* **WHAT IS EXPECTED**
Each entry is to be reproduced verbatim, and images are to be omitted.

(RECORDED DATA Opens)

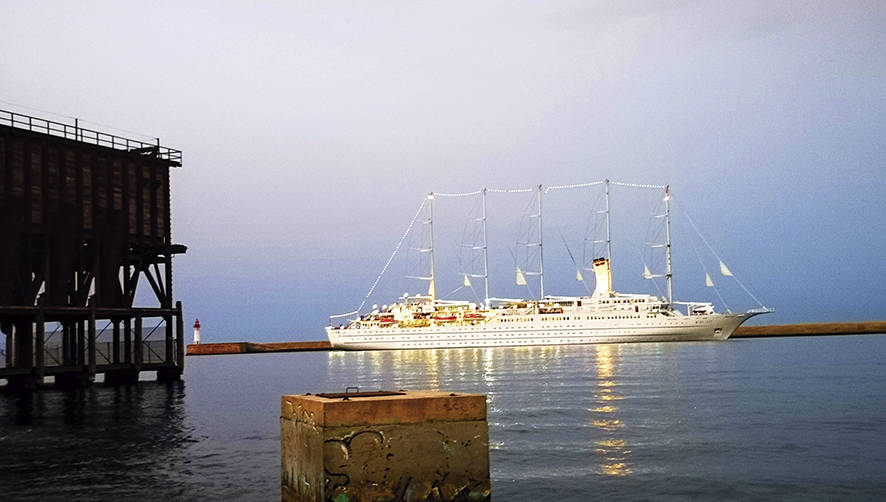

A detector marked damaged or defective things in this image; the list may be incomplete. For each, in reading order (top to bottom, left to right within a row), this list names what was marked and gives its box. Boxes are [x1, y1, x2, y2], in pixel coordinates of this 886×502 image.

rusted steel structure [0, 110, 186, 390]
rusty metal building [0, 110, 186, 390]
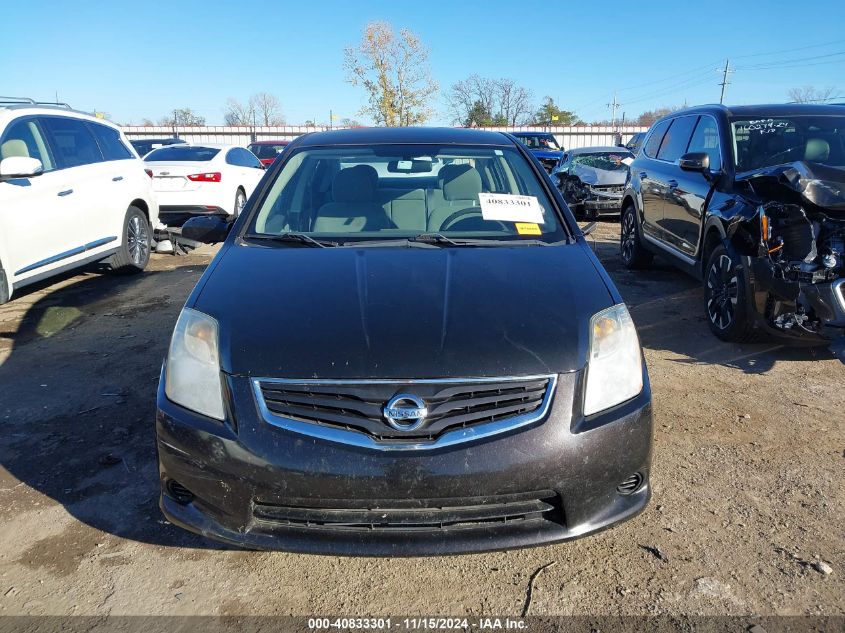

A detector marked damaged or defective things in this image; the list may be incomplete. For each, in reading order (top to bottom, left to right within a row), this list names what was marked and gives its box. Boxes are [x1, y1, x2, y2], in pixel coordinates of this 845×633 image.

damaged black suv [620, 103, 844, 350]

(RECORDED DATA Closes)

* **EXERCISE RESULT**
A detector marked damaged or defective things in this image; the list may be incomplete. For each, in reading order (top to bottom, left to right within a row), this list names what was marked and gives its box. Boxes are [x1, y1, x2, y2], in pixel coordinates of this 886×502 image.

rusted steel structure [0, 110, 186, 390]
rusty metal building [0, 110, 186, 390]

A detector marked damaged or defective things in this image; the list may be incomplete. For each, in reading order (top to bottom, left to right within a row), this list names what was marked and gives its box. Boxes are [x1, y1, x2, y2], in pixel coordinates of this 845×633 image.

damaged black suv [620, 103, 844, 350]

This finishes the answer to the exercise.